→ Source material:
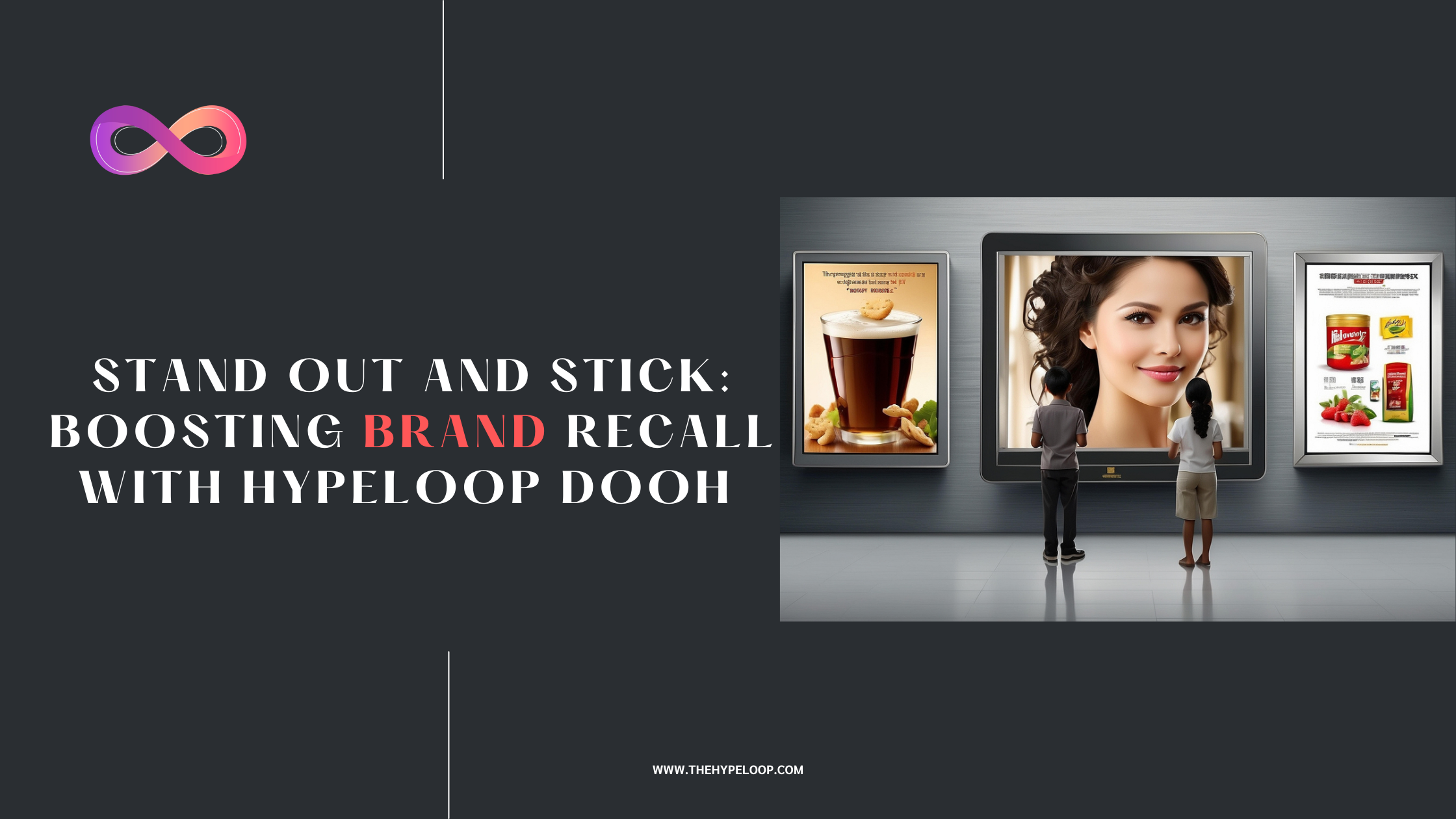 Stand Out And Stick: Boosting Brand Recall With HypeLoop DOOH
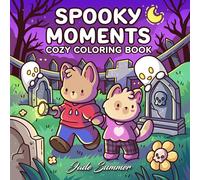 Spooky Moments: Cute Coloring Book for Adults and Teens with Adorable Characters and Creepy Scenes for Relaxation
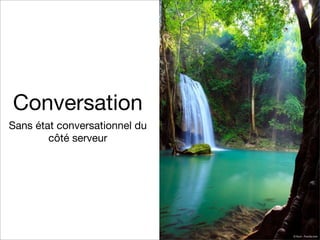 Conversation
Sans état conversationnel du
côté serveur

© lkunl - Fotolia.com

 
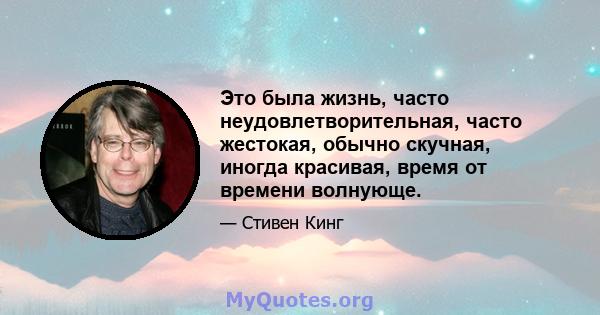 Это была жизнь, часто неудовлетворительная, часто жестокая, обычно скучная, иногда красивая, время от времени волнующе.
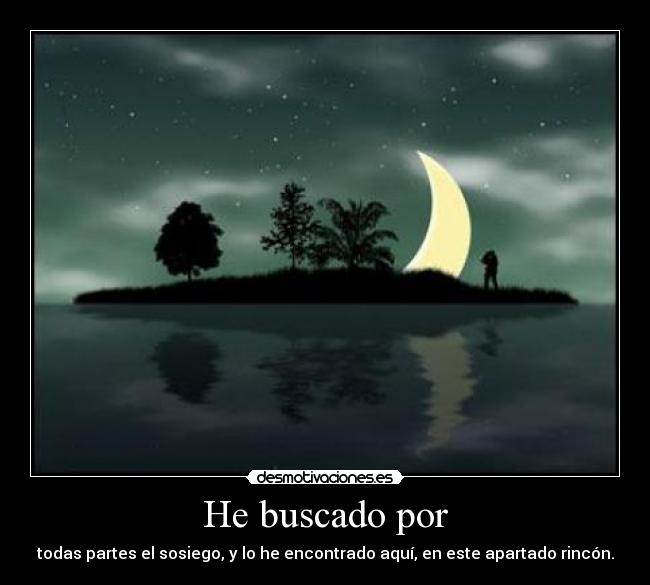He buscado por -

→ Goal of the exercise:
Starting at the line that contains "Spooky Moments: Cute", write out every line through the end of the entries, both ends included, without any pictures.

→ Output of the task:
 Spooky Moments: Cute Coloring Book for Adults and Teens with Adorable Characters and Creepy Scenes for Relaxation
 Conversation
Sans état conversationnel du
côté serveur

© lkunl - Fotolia.com

 
 Это была жизнь, часто неудовлетворительная, часто жестокая, обычно скучная, иногда красивая, время от времени волнующе.
He buscado por -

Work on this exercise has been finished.